I didn't see you at eBay's (NASDAQ:EBAY) annual expo this summer.

Oh, I forgot. June came and went with nary a trace of eBay Live, because the leading auction site decided to cancel the annual fete.

It's just as well. The event may have been widely popular -- attracting roughly 10,000 guests willing to fork over $100 for tickets last year -- but this humbling economy isn't ripe for lavish blowouts.

eBay's new outreach efforts will instead celebrate eBay's 15th anniversary next year by hosting a series of smaller events around the country. "eBay: On Location" will kick off in Orlando, Fla., in February, and will wrap up in the company's home base of San Jose, Calif. Several cities will be added along the way.
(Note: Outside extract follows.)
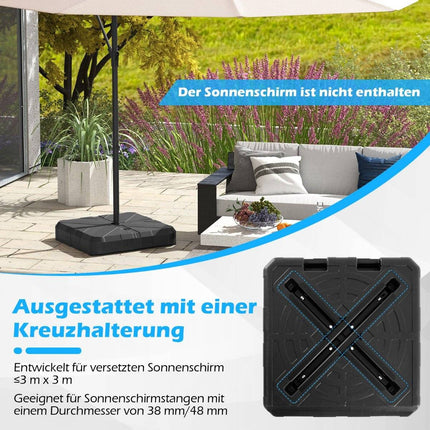 Plnitelný stojan na slunečník, 45L/60kg, HDPE, pro tyče 38-48mm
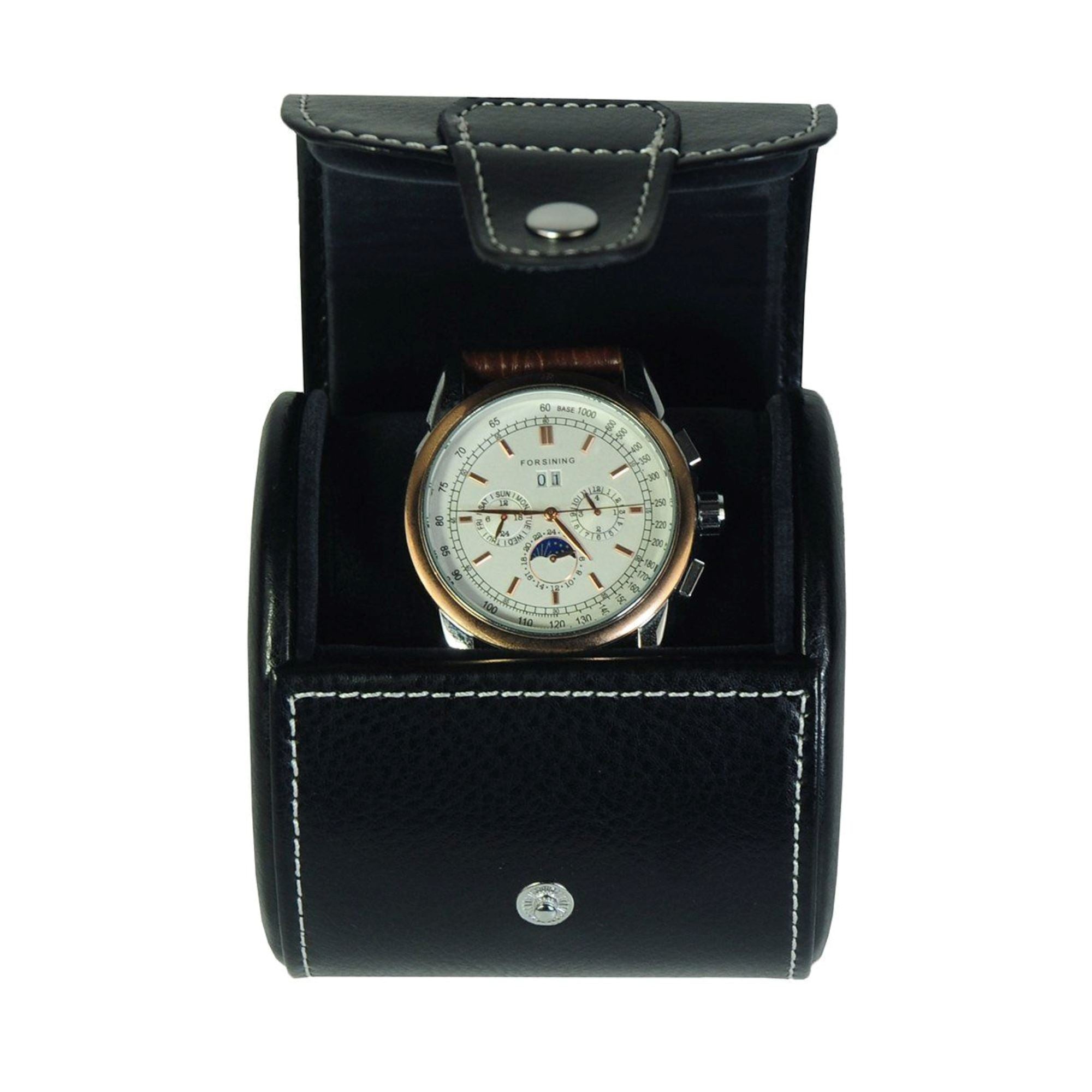 Travel Watch Roll Case for 1 in Black Genuine Leather Watch Boxes Clinks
That's the right approach. eBay has tried to reach out to the seller base it has alienated in recent years. The 1990s were easy for the world's leading online marketplace operator. When giants including Yahoo! (NASDAQ:YHOO) and Amazon.com (NASDAQ:AMZN) launched rival auction sites, eBay easily vanquished the competition, despite its stiffer fees.

But things haven't been as easy on this side of the millennium. The proliferation of Craigslist and other sites offering free classifieds has eaten into eBay's market. For active sellers, Yahoo!, Microsoft (NASDAQ:MSFT), and Google (NASDAQ:GOOG) offer cost-effective, text-based ads that can be targeted perfectly through search-query keywords.

The auctioneer has counterattacked with its own classified sites, but that's not going to be enough.

eBay needs to mend fences, and that appears to be what it's doing right now. It's giving casual sellers a reason to return, by offering five listings a month with no insertion fees. It will have to go further to smooth over jaded power sellers, but there is hope on that front: Two analysts were upbeat about eBay's flagship marketplace business last week.

Mending fences in 2009. The mother of all traveling road shows in 2010. Who needs eBay Live when the auctioneer would rather be alive?